Stories are composed by groups of photos and can be shown with very different organizations. We’ve been always in favor of organizing stories chronologically in a story perspective to represent a timeline of users’ camera rolls. Our users have validated this approach, with nearly 40% of the stories played in Storyo starting with a click on an automatic story.

Next, it’s crucial to decide how to select individuals photos from that initial set. For example, a travel story can easily have more than 200 photos, and if one wants to create a short video or a small photo book, one has to decide how to select a set of photos for the degrees of freedom available—like a 25 second video or a 25 page photo book.

Should we select the 25 best photos according to computer-vision based criteria, or should we keep the story as relevant as possible by identifying chapters and then select the best photos given a chapter’s context? With Storyo, we strongly believe in the second approach—organizing a story in chapters, and deciding later on which photos are the right ones to be added.

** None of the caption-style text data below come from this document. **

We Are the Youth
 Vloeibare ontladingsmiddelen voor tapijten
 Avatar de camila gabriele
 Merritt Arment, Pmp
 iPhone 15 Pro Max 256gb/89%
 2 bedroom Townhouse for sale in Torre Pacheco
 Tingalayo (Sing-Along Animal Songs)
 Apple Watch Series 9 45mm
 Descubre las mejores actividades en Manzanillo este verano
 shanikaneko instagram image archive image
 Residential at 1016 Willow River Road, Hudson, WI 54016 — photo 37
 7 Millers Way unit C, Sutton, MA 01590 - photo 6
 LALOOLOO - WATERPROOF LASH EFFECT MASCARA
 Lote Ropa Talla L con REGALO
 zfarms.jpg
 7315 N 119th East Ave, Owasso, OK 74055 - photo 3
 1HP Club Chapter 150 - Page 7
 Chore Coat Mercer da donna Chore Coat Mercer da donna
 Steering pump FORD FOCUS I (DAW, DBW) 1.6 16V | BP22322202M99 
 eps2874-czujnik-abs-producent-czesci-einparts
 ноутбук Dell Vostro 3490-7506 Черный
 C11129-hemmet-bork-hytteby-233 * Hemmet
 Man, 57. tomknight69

Another key aspect is centered on the option of local versus server-side execution. Deep learning models can occupy a lot of space and require strong computational power. Theoretical knowledge is evolving fast, and all the big players are investing a lot in tools and specialized hardware to run neural networks with unbelievable speed, directly on mobile devices. This is now a reality.

At Storyo, we’re focused on bringing the best experiences to users, and with the power of mobile devices today, local execution is definitely the best way to go if the space required is not a critical factor.

This article will focus on how to create a photo curation flow that leverages storytelling and computer vision / deep learning, based on what we’ve built within the Storyo app and Storyo’s SDK for photo book and video timeline creation.

In an upcoming article of the series we’ll focus on automatic story discovery, and then we’ll continue with a set of articles detailing how deep learning models can be used as part of the curation flow.

Filtering out undesired images

We know well that our mobile phone camera rolls are full of garbage — pictures of whiteboards in a meeting to keep information before someone clears it all, pictures of a flyer to keep the details of the hotel where we’ll stay for a few vacation days, and so on and so on.

Beyond these scenarios, we tend to forget to delete pictures that look horrible because of some kind of involuntary motion of our target, or because it was indoor and lighting conditions were poor.

Although these pictures can be meaningful in meeting some particular goal, they’re usually outliers in the context of “pictures as memories.” So, how do we get rid of them?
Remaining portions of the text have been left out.